Former Ambassador to Israel Dennis Ross noted in his lecture on campus several weeks ago that those who think Israelis and Palestinians can simply live in one state are “not being realistic.” The only just solution to this problem remains what it was in 1947: two states for two peoples, living side-by-side in security and cooperation with each other. It is impractical to assume that two different peoples are capable of living peacefully in the same state amidst such deep hostilities and conflicting claims. Neither Israelis nor Palestinians have given up on their national aspirations.

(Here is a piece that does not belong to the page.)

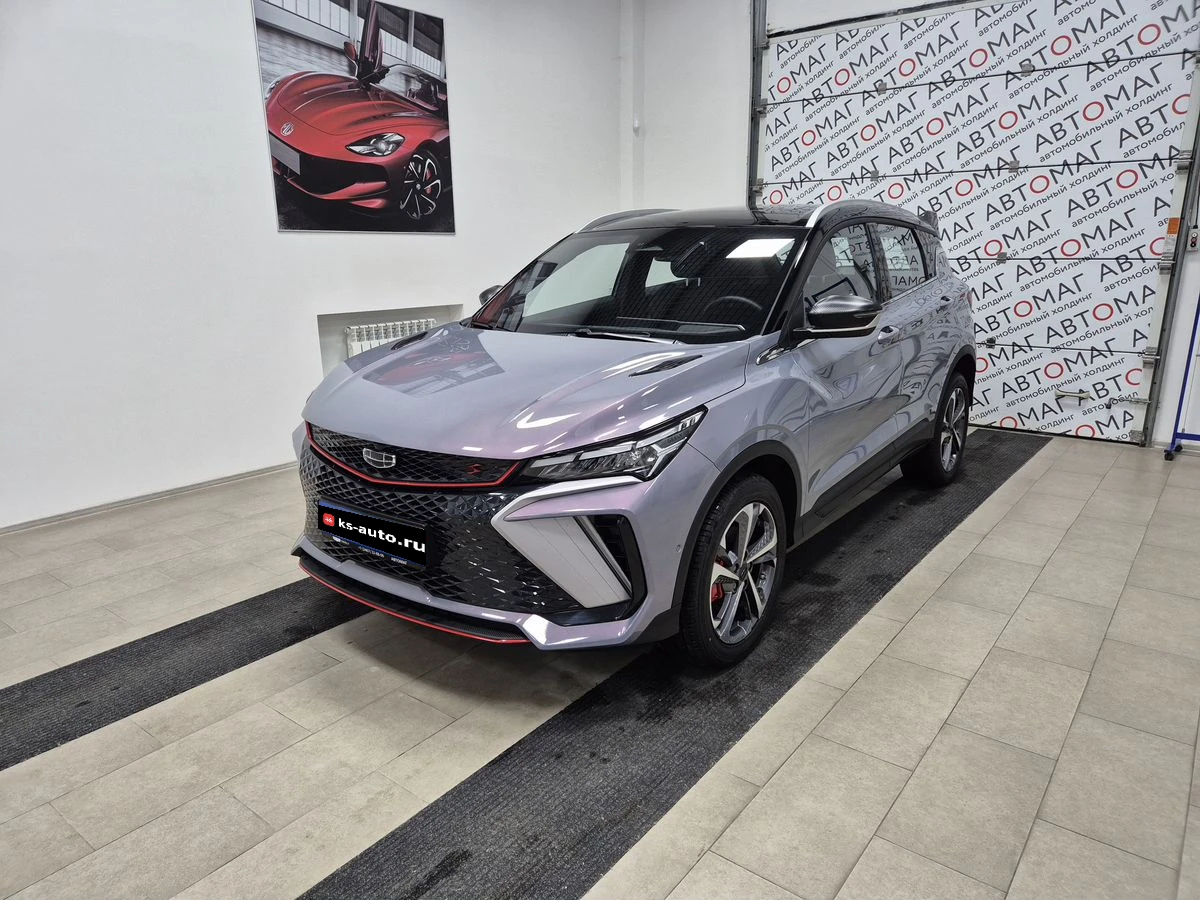 Geely Coolray, 2024г., передний привод, робот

They will both continue laying claim to the same piece of land and thus will be condemned to unending conflict.

The Jewish desire for statehood is enshrined in the Amidah, the prayer Jews have been reciting every day for over 2000 years: “Bring us together from the four corners of the earth into our land. Blessed are You G-d, who gathers the dispersed of His people Israel.” Given the history of anti-Jewish persecution and the fact of their nationhood, Jews are not likely to give up their sovereign state anytime soon. Nor should they, as with all peoples they are entitled to determine their own future, particularly when the world repeatedly denies them such freedoms. Dr. Massad called Israel “colonialist.” The truth is that Israel is anti-colonialist, an example of self-determination in the face of centuries of oppression and deep-seated hatred. The Palestinian desire for statehood is also legitimate. The occupation is unsustainable and Israel must end it responsibly, without losing sight of its security concerns. Each people deserves the opportunity to determine its own future.

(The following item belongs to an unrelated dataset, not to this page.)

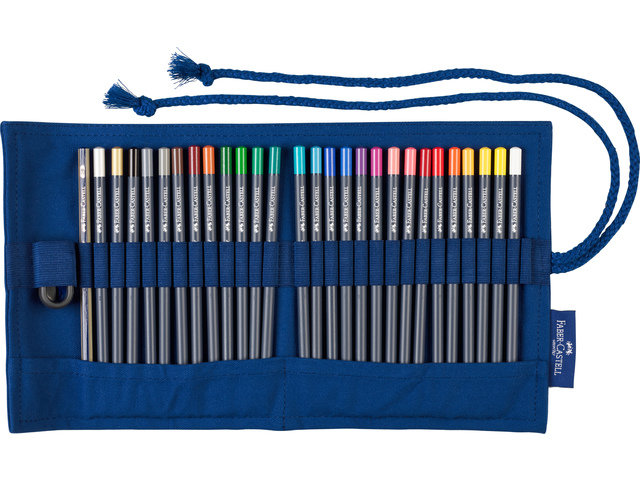 Roletui Goldfaber kleurpotloden 27 Goldfaber kleurpotloden + 1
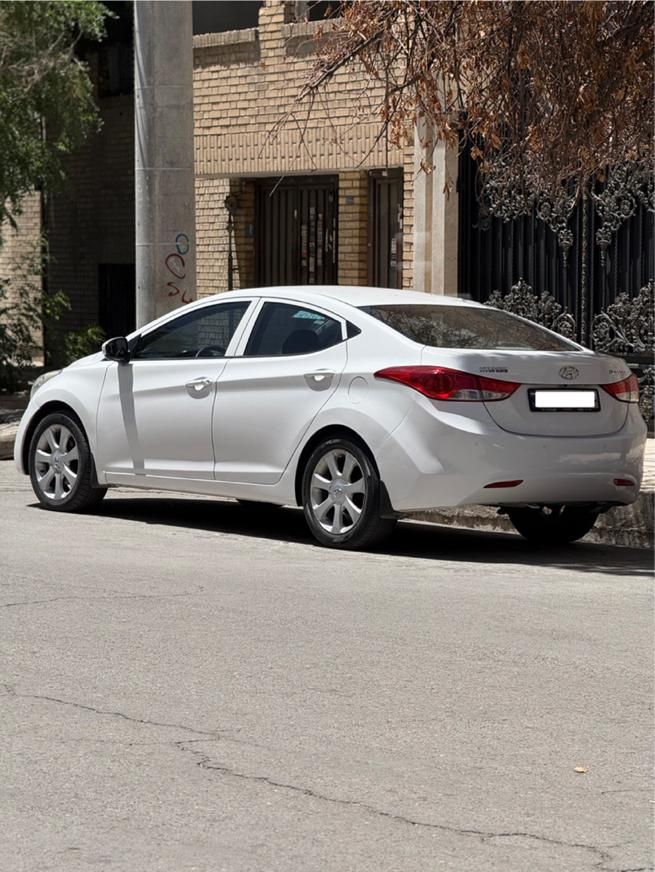 هیوندای النترا 1.8 لیتر - 2014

Dr. Massad appears to confuse justice with revenge. Of course, the Israelis have claims against the Palestinians as well. Days after Palestinian leaders rejected Israel’s peace offer in 2000, Palestinian terrorists began a multi-year campaign of blowing up cafés full of women and children in Jerusalem. According to Dr. Massad’s definition of “justice,” Israel might be justified in never offering the Palestinians a state again. Each side has grievances against the other. The only solution will require concessions on both sides. The Palestinians must stop seeing Israel as illegitimate and accept the fact of its existence, and the Israelis must recognize the very real injustices and unsustainability of the occupation.

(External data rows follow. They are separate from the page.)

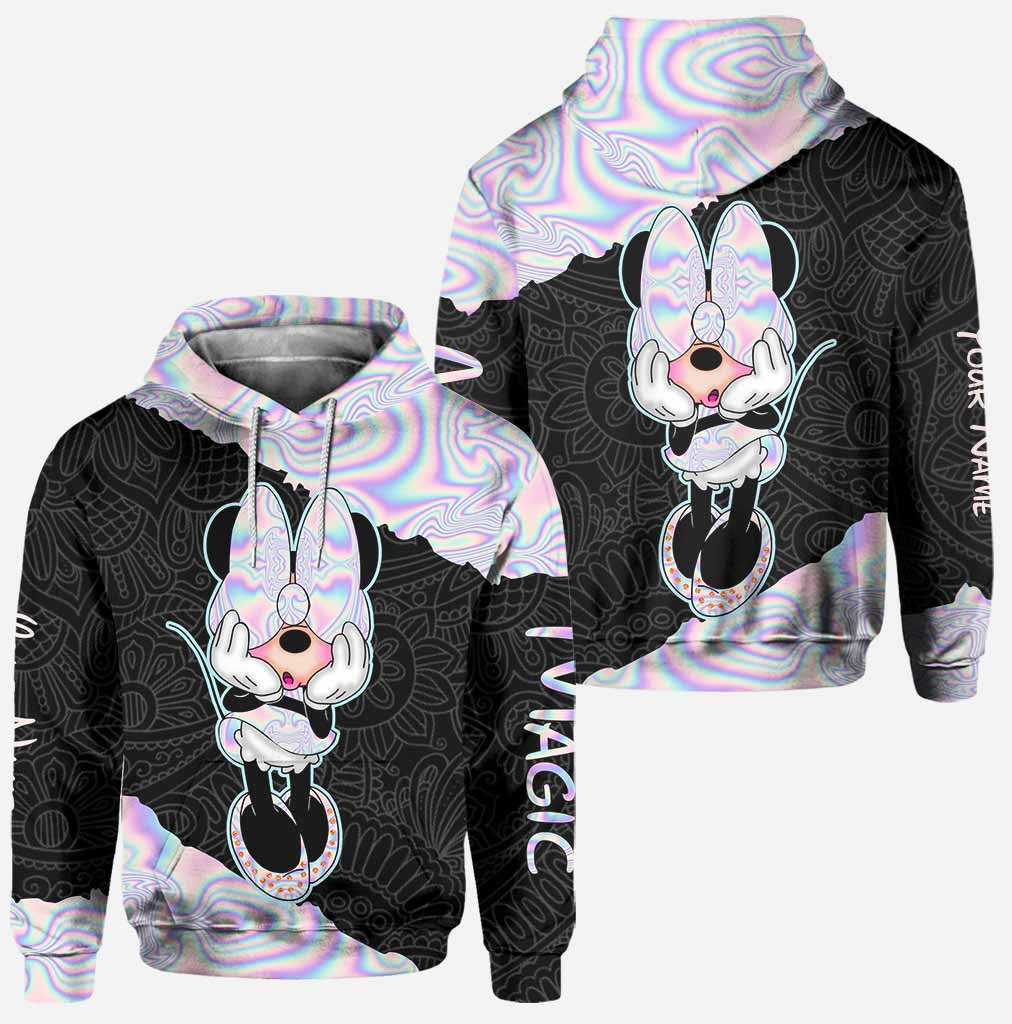 Magic Mouse Ears - Personalized Mouse Hoodie and Leggings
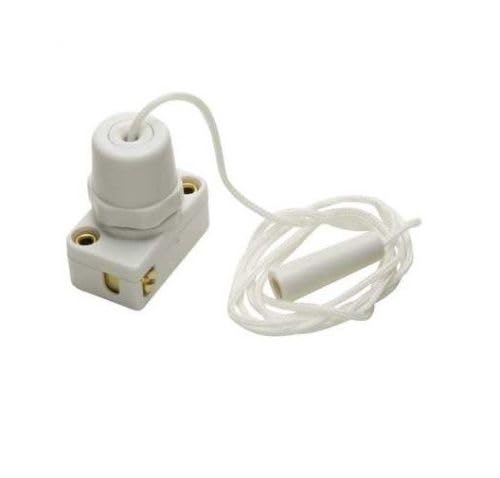 Replacment Mini Miniature Pull Cord Switch For Wall Light Bathroom Mirror Switch
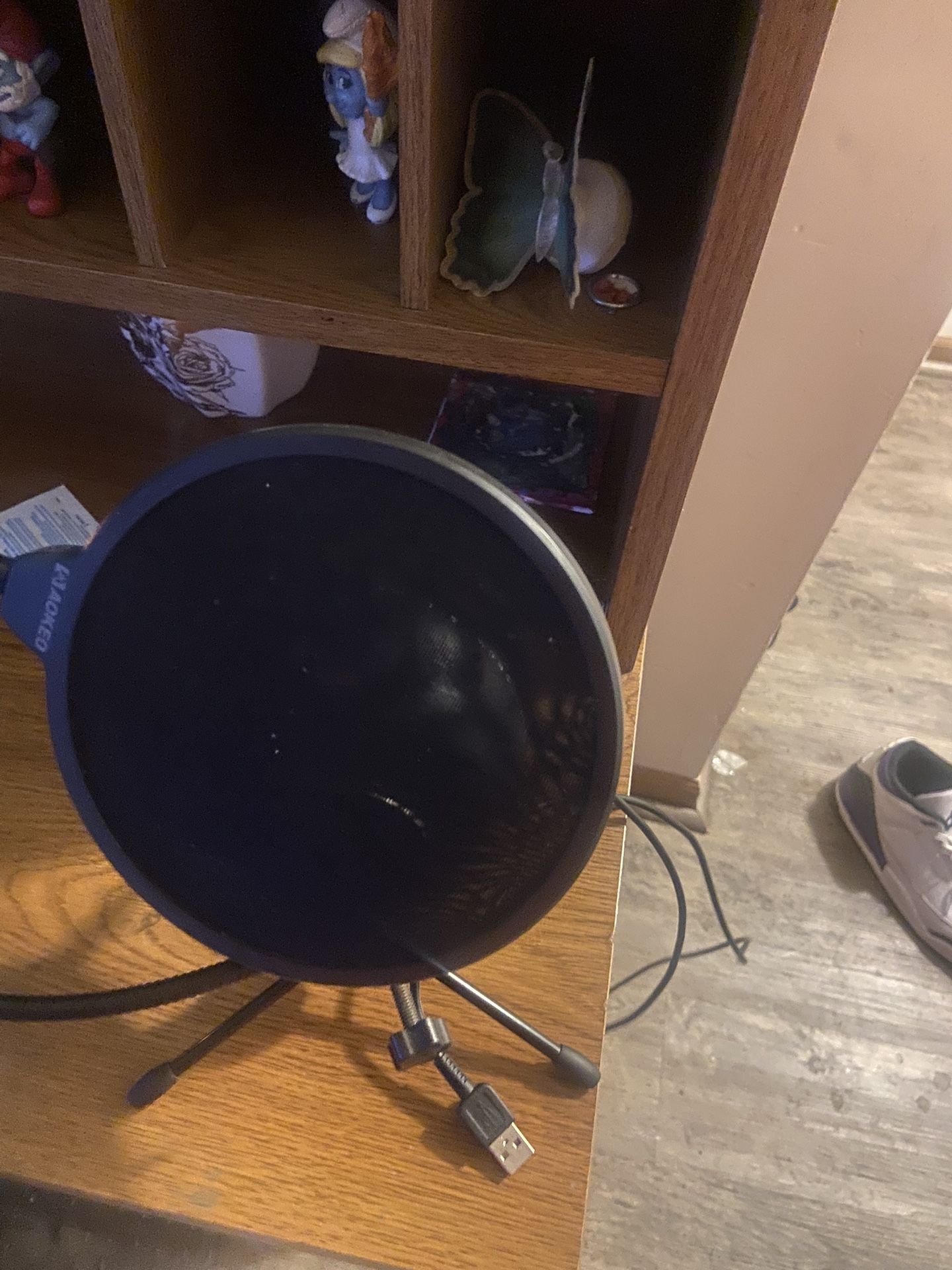 Studio Mic Blue Snowball Mic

Luckily, polls consistently demonstrate that most Israelis and Palestinians consider the two-state solution the best available solution. They recognize that compromise can itself be a form of idealism and, as President Obama said in Israel two weeks ago, “Peace is necessary. But peace is also just.” It might be easy for Dr. Massad to call for retributive justice against Israel, but the people on the ground know better. The most just solution is not that Israel gets some sort of comeuppance, but rather that Jews, Arabs and Christians live in security and freedom.